- TASK TO COMPLETE -
In the entries below, find the line with "Trace of Space" and the line with "Tacketts by The". Reproduce those two lines and every line between them exactly, and nothing more.

- STUDY MATERIAL -
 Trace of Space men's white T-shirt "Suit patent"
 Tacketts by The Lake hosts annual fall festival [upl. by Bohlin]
* * *
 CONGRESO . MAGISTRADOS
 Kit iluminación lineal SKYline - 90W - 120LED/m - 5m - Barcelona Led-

- EXERCISE RESULT -
 Trace of Space men's white T-shirt "Suit patent"
 Tacketts by The Lake hosts annual fall festival [upl. by Bohlin]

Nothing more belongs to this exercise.